___ Data provided

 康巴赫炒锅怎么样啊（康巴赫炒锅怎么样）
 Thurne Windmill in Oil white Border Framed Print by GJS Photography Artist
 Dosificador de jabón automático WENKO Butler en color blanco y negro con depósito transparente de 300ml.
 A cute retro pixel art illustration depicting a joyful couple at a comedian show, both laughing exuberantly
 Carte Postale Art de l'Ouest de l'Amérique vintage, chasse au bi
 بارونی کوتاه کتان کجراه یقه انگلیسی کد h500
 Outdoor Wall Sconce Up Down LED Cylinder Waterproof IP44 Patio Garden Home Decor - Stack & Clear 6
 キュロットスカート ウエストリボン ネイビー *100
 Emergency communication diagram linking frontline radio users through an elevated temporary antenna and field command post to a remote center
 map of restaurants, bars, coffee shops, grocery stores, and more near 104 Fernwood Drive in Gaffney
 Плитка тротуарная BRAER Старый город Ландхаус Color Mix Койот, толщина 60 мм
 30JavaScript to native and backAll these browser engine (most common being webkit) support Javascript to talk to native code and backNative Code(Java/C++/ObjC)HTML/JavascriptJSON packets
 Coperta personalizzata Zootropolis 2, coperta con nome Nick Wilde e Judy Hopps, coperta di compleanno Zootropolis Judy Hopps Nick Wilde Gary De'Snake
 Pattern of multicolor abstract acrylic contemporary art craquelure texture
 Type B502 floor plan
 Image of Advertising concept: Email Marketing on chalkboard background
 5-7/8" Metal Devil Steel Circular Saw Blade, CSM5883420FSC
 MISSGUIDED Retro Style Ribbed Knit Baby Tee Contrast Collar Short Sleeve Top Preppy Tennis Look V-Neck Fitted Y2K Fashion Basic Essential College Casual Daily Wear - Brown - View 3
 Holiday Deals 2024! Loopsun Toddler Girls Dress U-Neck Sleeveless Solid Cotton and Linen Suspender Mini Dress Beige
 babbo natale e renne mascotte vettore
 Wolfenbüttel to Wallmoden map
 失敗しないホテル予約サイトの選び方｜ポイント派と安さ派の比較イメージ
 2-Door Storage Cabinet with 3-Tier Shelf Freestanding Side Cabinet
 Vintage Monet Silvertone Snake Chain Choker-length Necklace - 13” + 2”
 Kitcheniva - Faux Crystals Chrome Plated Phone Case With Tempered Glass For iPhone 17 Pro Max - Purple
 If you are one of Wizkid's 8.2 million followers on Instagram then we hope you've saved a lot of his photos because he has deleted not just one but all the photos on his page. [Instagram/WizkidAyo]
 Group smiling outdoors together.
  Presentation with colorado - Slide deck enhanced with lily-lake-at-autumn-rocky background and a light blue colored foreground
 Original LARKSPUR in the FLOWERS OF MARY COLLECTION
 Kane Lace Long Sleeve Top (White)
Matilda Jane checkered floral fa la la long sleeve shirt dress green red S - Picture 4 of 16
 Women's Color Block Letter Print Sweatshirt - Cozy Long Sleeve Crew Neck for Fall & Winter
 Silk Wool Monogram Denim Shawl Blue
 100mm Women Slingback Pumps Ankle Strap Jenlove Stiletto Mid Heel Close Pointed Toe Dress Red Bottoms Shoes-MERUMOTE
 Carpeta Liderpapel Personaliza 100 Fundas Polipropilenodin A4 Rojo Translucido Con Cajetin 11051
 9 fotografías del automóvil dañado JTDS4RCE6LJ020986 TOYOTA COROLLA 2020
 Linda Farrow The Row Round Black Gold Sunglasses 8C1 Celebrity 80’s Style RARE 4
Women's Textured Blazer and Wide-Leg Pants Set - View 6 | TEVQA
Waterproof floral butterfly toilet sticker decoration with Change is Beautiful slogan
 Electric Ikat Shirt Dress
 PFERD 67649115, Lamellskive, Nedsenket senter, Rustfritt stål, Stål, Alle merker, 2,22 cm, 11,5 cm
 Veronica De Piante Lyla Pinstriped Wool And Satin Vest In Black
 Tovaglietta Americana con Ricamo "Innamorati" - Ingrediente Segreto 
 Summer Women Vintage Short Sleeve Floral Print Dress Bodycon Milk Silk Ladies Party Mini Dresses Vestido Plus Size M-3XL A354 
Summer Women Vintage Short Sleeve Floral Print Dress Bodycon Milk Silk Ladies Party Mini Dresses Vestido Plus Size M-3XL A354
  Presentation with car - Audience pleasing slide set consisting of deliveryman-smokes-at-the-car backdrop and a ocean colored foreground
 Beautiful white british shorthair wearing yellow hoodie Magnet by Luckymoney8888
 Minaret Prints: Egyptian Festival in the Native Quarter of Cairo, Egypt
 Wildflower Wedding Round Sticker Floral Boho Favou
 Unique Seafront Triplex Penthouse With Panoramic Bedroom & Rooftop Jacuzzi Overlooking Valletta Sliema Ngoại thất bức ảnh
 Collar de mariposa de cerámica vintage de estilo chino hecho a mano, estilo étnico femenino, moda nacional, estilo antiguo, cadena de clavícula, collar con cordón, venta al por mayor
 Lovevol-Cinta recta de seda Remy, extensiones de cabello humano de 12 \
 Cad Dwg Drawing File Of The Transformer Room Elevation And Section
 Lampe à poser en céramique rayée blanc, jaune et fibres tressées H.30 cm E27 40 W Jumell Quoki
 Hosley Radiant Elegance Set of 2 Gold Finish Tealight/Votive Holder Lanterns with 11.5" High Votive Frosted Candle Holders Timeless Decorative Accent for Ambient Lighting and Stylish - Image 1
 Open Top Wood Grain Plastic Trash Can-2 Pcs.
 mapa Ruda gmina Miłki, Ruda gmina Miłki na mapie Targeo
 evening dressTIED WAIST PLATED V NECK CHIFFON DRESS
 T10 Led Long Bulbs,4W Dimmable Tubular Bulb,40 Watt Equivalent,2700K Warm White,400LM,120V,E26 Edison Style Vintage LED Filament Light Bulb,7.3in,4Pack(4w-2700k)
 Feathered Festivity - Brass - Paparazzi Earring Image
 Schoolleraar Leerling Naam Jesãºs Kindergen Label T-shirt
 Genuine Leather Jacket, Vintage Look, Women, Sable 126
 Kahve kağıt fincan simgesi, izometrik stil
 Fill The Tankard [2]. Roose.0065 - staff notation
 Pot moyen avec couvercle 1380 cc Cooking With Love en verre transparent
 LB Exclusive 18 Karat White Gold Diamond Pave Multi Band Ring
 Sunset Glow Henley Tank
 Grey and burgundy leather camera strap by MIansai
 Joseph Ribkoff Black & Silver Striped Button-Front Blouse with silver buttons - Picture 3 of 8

______

Work to be completed :: In the listing, how many lines include the string "Black"? State the number alone.

Solution :: 3